[redhat-lspp] LSPP/RBACPP requirements v.002
Steve Grubb
sgrubb at redhat.com
Wed Sep 28 18:32:23 UTC 2005
On Wednesday 28 September 2005 14:20, Stephen Smalley wrote:
> - is the context of the peer socket the right context in which to run
> the service (at the very least, for the TE type, the answer is no)?
No.
> - does xinetd have enough information to compute the right context in
> which to ultimately run the service, since it doesn't handle user
> authentication itself?
xinetd's purpose in life is to start apps with the right environment &
permissions. The admin would have to configure the context that the program
would start in. Anything other than this is not really what xinetd does.

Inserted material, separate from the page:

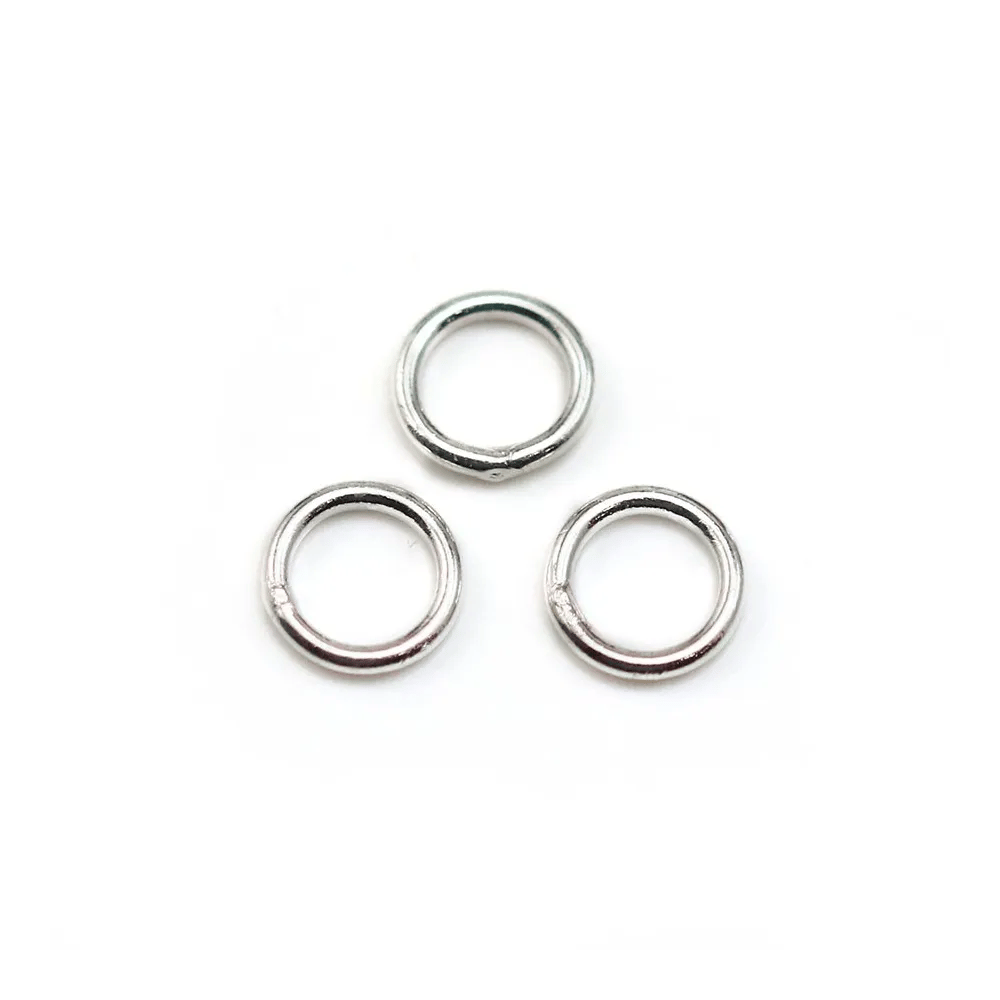 Anneaux ronds soudé en métal argenté 1x7mm x 100pcs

> - if xinetd transitions to a context based on the peer socket, and the
> service then wants to transition to a context based on the authenticated
> user, how do these transitions interact with one another (e.g. can the
> latter fail due to the former; should the latter be based off the former
> in some way)?
People misconfigure it all the time. This is just another way to shoot
yourself in the foot.
> - do you trust the client to supply the context in which to run the
> service?
I would think the admin configures it in the /etc/xinetd.d/service-name file.
> - what happens when the client and server have different context/policy
> definitions?
I'd say you have the same problem with any networking app.